What you return must be the full listing, word for word, with no images in it.

→ Data segment:

-=-=-=-=-

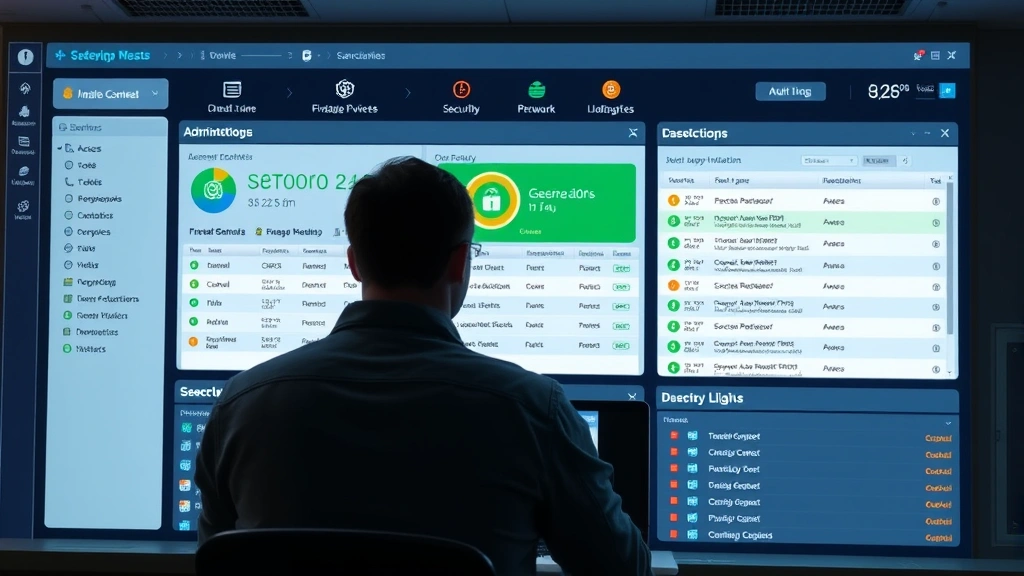 Network administrator managing access controls and permissions in a private package repository dashboard with multiple security indicators and audit logs visible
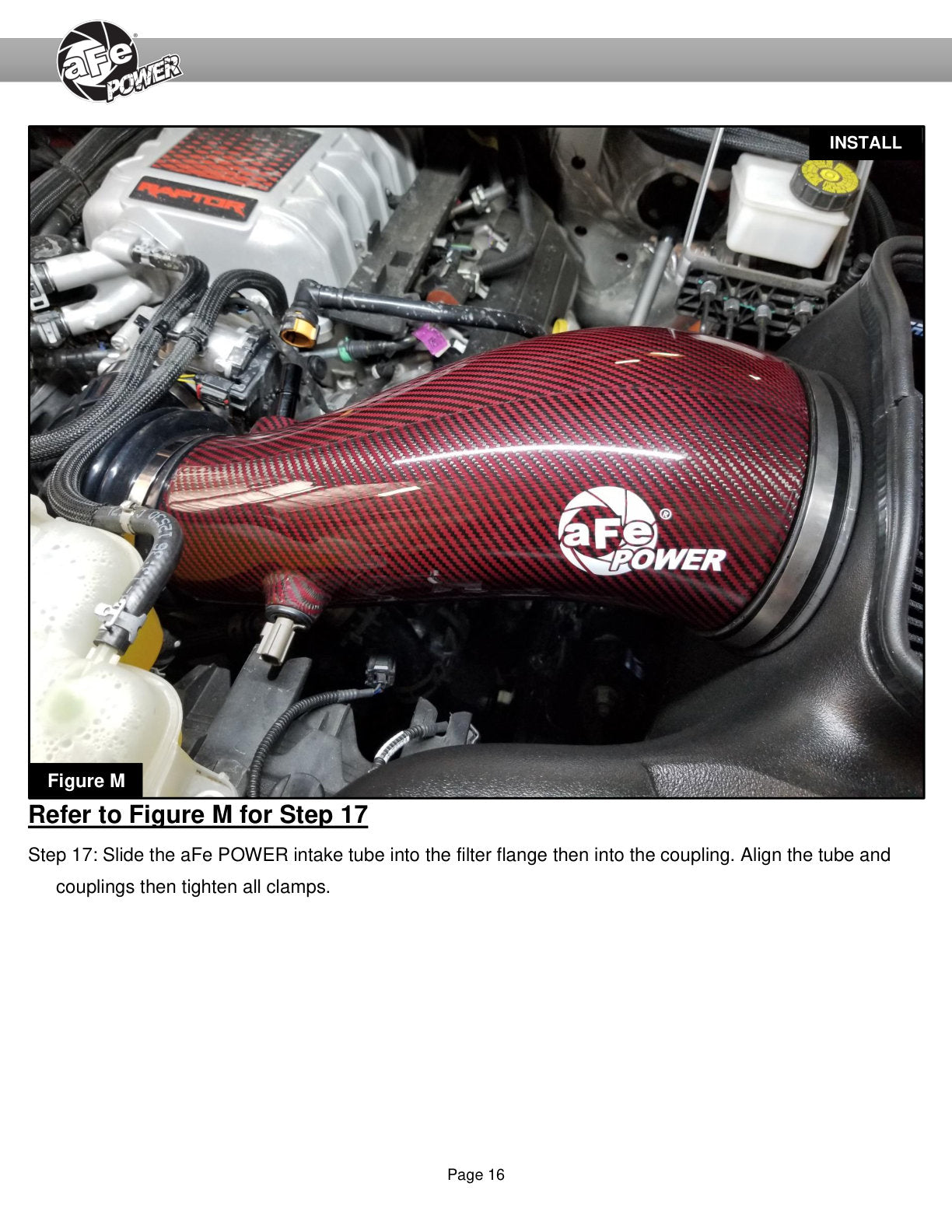 aFe Red Carbon Track Series Air Intake w/P5R Filter | Ford F150 Raptor R (23-24) (57-10030KR)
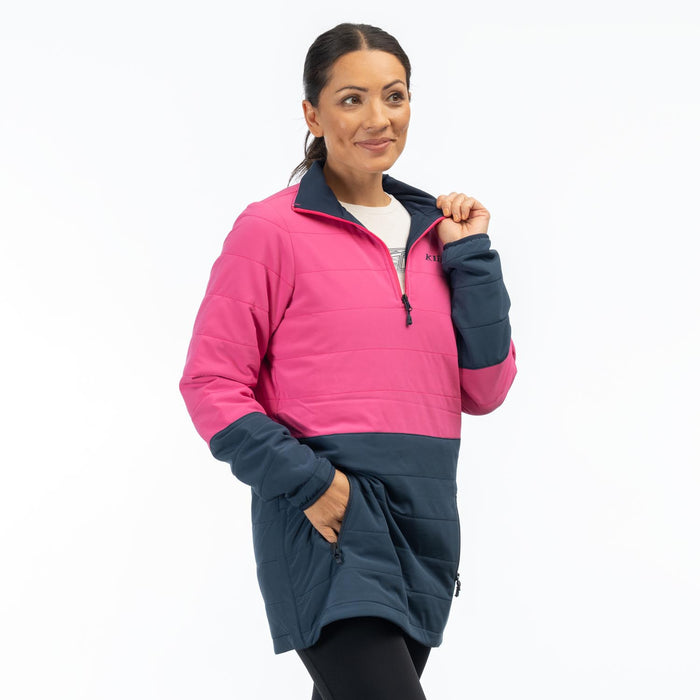 Klim Soteria Women's Insulated Pullover in Punch Pink - Dress Blues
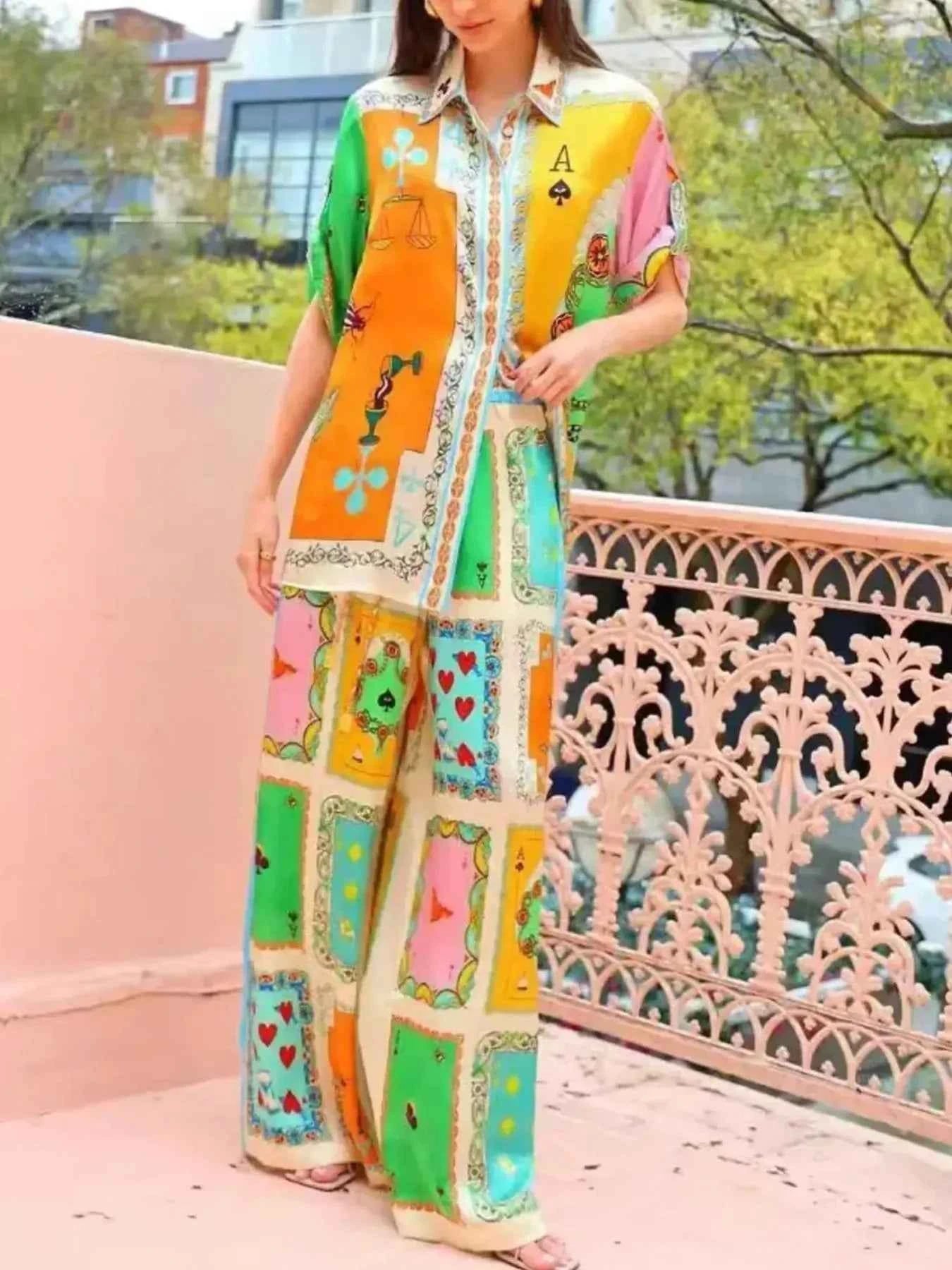 Colorful Print Shirt and Pants Two-Piece Set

-=-=-=-=-

→ Reply:
 Network administrator managing access controls and permissions in a private package repository dashboard with multiple security indicators and audit logs visible
 aFe Red Carbon Track Series Air Intake w/P5R Filter | Ford F150 Raptor R (23-24) (57-10030KR)
 Klim Soteria Women's Insulated Pullover in Punch Pink - Dress Blues
 Colorful Print Shirt and Pants Two-Piece Set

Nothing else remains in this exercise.